Financial Markets… Global stock markets tumbled on Thursday, with the MSCI Emerging Market index posting its biggest decline since July, extending losses spurred by growing concerns over the U.S. Federal Reserve’s future monetary policy. Declining commodity prices also weighted negatively on share prices. Notably, China’s benchmark Shanghai index slid 3%, the largest one-day decline since August 2011, extending the weekly loss to 4.4%.

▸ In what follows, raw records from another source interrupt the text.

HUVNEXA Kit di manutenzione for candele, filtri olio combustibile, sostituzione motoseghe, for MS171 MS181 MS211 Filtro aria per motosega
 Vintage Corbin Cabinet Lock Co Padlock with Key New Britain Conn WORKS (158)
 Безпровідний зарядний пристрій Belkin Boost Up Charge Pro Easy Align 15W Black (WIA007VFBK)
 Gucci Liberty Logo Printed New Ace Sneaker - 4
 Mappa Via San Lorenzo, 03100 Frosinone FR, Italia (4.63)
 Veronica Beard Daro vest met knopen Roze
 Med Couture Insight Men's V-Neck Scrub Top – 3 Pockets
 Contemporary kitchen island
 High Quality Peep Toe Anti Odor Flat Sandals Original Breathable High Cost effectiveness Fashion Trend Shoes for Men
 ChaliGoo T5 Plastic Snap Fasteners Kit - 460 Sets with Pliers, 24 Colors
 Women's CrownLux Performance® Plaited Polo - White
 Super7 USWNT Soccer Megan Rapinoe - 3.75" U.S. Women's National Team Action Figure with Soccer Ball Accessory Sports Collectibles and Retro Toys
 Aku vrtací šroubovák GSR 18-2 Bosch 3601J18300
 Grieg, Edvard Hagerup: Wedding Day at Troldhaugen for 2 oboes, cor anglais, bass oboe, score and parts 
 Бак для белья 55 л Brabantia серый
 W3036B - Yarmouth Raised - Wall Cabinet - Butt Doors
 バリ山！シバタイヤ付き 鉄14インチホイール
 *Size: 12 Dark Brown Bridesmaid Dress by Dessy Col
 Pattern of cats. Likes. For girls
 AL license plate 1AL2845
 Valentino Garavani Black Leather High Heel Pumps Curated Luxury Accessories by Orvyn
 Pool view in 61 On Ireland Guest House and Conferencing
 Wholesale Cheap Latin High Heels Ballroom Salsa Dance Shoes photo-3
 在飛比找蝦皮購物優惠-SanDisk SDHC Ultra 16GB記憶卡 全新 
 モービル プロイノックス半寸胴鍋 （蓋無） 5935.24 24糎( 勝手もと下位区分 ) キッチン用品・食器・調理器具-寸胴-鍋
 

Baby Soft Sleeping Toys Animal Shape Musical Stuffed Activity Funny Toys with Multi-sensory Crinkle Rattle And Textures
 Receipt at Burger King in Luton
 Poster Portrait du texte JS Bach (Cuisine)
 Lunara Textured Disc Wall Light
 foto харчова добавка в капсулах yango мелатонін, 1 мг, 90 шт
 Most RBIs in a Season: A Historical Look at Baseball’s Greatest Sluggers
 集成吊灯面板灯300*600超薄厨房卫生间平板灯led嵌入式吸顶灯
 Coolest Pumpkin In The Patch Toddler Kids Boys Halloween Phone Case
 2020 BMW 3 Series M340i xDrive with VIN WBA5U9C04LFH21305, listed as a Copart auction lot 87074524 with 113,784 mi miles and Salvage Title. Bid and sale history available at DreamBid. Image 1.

The US dollar strengthened versus other major currencies, with the Dollar Index (which tracks the greenback against the currencies of six U.S. trading partners) rising to a 3-month high of 81.279 earlier, amid speculation that U.S. may curtail stimulus sooner than had been expected. The euro weakened 0.2% to $1.3265 against the dollar after sliding 0.8% yesterday.
U.S. and German government bonds advanced for a second day, with their benchmark 10-year yields sliding 3 basis points to 1.98% and 6 bps to 1.60%, as risk-aversion sentiment boosted demand for safe-haven assets. In Euro-zone, Dutch, Austrian and French government bonds also gained.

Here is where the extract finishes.